Great, so we’re going to use something like jBPM as both our coordination and compensation engine and REST to expose our services on the network. Can we trust these things to provide us with the reliability and consistency that we expect out of something like WS and WS-BA? If you’re modelling compensations in jBPM, you’re gonna need the ability to reliably perform these compensations. Luckily, I’ve already answered how you can guarantee execution and failure handling in jBPM. But what about REST, what does it add? If you have truly written RESTful services, you have a lot of reliability and consistency built into your application. HTTP GET, PUT, and DELETE are supposed to be idempotent, meaning that it doesn’t matter how many times you’ve invoked them, the result is the same. While jBPM can guarantee you execution and failure handling, it can’t guarantee that these events won’t be duplicated. Since your RESTful services should be idempotent, you won’t have to worry about it! (I know, easier said then done.)

Where does that leave WS-BA?

I did discuss my ideas a bit with Mark.
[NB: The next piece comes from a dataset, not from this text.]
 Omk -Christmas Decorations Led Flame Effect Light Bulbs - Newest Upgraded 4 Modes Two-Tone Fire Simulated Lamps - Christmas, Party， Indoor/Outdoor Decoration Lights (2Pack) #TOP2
One of his comments that struck home was “Imagine if you had to explicitly tell all of your XA resource managers to prepare and commit?” I’ll admit that in a WS-BA world, writing a client that integrates a bunch of distributed services into one business activity would be uber simple and clean. The work being done with the JBoss Business Activity Framework simplifies the server side greatly as well. A compensation framework like JBoss Business Activity, might work really really well in the controlled environment of a web application. Until I actually write one of these applications or talk to a bunch of users and customers that have used WS-BA to model their integration project, I will remain skeptical. I just hope that I can get the feedback I need to further formulate my thoughts on this subject. Your thoughts and experiences??????